Leo Wiener

Leo Wiener (1862–1939) was an American historian, linguist, author and translator.

Biography

Wiener was born in Bialystok (then in the Russian Empire), of Polish-Jewish origin. His father was Zelman Wiener,[1] and his mother was Frejda Rabinowicz. He studied at the University of Warsaw in 1880, and then at the Friedrich Wilhelm University in Berlin, before immigrating to the United States in 1882. [2]

He traveled to the United States alone, with the purpose of creating a vegetarian commune in Belize. Then, after having travelled and worked around the country, he went to Kansas City, Missouri, and started working as a teacher.[3]

He was a polyglot, and was reputed to speak thirty languages well.[4]

Beginning in 1896, Wiener lectured on Slavic cultures at Harvard University and became the first American professor of Slavic literature. He translated 24 volumes of Leo Tolstoy's works into English.[5] He taught George Rapall Noyes.

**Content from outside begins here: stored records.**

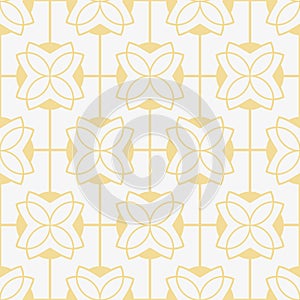 Abstract geometric seamless pattern, simple line gold flower on white background design for geometric wallpaper, art deco tile,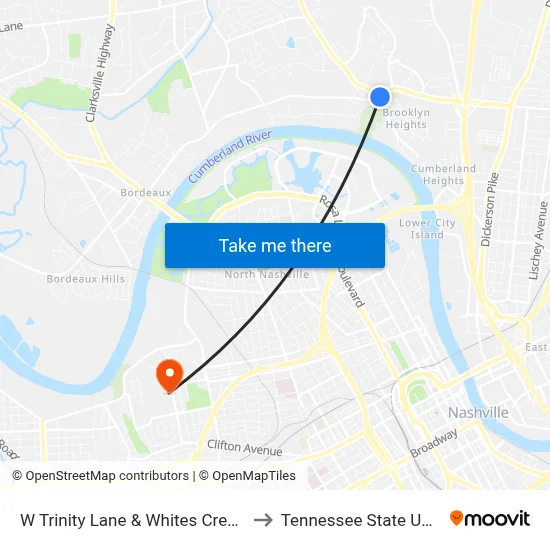 W Trinity Lane & Whites Creek Pike Eb to Tennessee State University map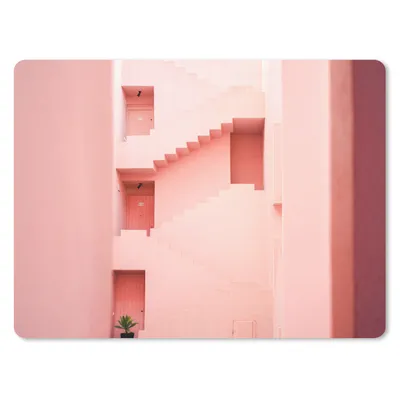 Produktbild von MuchoWow® Mauspad Mousepad Architektur - Treppe - Rosa - Haus 23x19 cm - Mousepads - Maus Mat - Pad - Mausunterlage - Schreibtischunterlage - Mauspad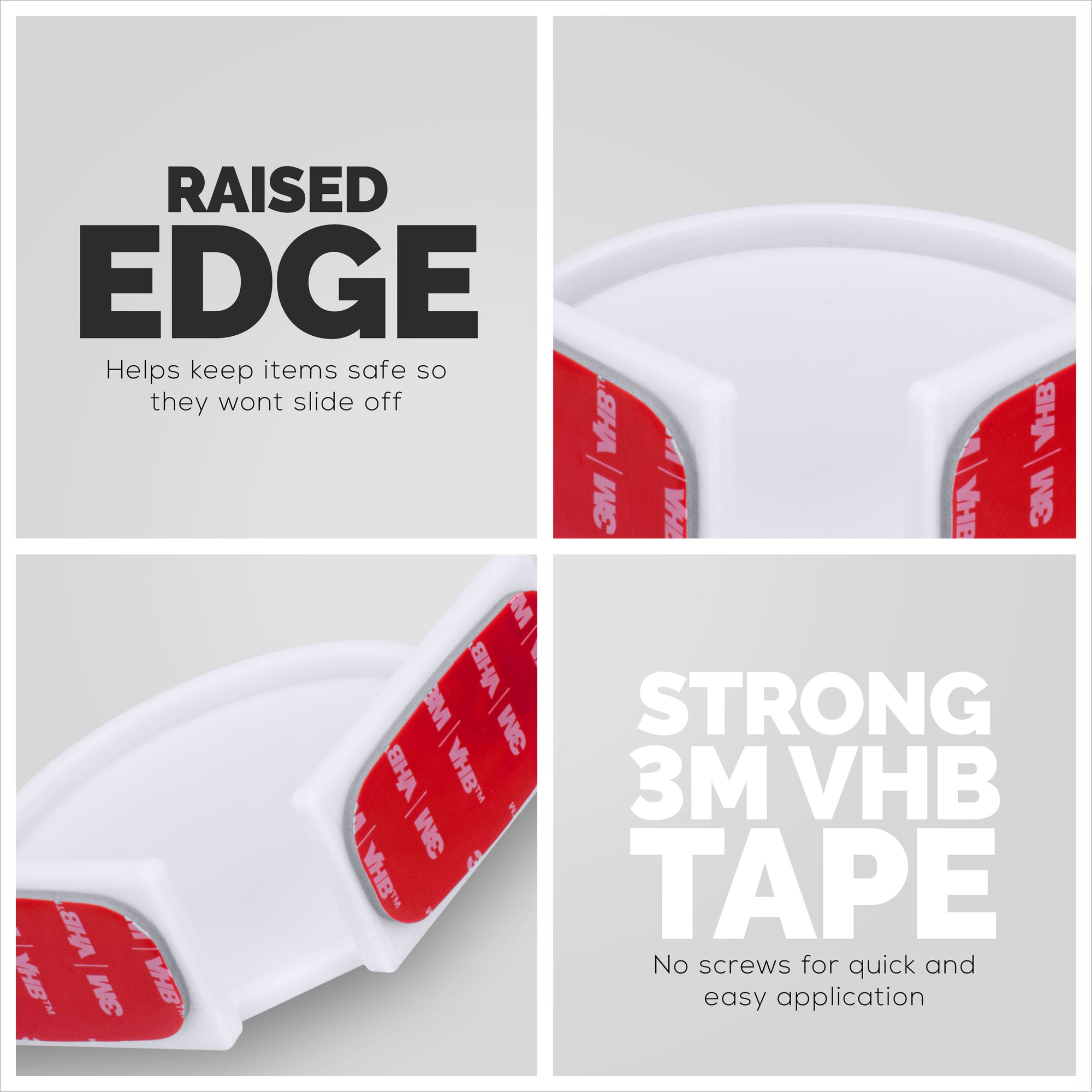 Selvklæbende lille cirkulært hjørne flydende hylde til sikkerhedskameraer, babyalarmer, højttalere, planter & amp; Mere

He was the father of MIT mathematician Norbert Wiener.

Major works as author

  • French Words in Wolfram Von Eschenbach. 1893.
  • Popular poetry of the Russian Jews. 1898.
  • The history of Yiddish literature in the nineteenth century. 1899.
  • The Ferrara Bible. 1900.
  • Anthology of Russian Literature from the Earliest Period to the Present Time. 1902–1903.
  • Gypsies as fortune-tellers and as blacksmiths. 1909.
  • Philological fallacies: one in romance, another in Germanic. 1914.
  • Commentary to the Germanic laws and mediaeval documents. 1915.
  • An Interpretation of the Russian People. 1915.
  • (translator) of Josef Svatopluk Machar's (1916). Magdalen.
  • Contributions Toward a History of Arabico-Gothic Culture. 1917–1921.
  • Africa and the discovery of America. 1922. Vols. I-III.
  • The contemporary drama of Russia. 1924.
  • The philological history of "tobacco" in America. 1925.
  • Mayan and Mexican origins. 1926.

References

  1. "Bialystok Birth Records".
  2. Liptzin, Sol (2007). "Wiener, Leo." Encyclopaedia Judaica. 2nd ed. Detroit: Macmillan Reference USA. Vol. 21, pp. 47-48. Retrieved via Gale Virtual Reference Library, August 4, 2018. Also available online via Encyclopedia.com.
  3. Conway, Siegelman (2005). Dark Hero of the Information Age. Basic Books. Retrieved November 10, 2010.
  4. Department of Slavic Languages & Literatures, 2018 The President and Fellows of Harvard College.
  5. Tolstoy, Lev N. (1904). The Complete Works of Count Tolstoy (Translated from the Original Russian and edited by Leo Wiener). I. Boston: Dana Estes & Company. pp. iii–iv. Retrieved July 12, 2017 via Internet Archive.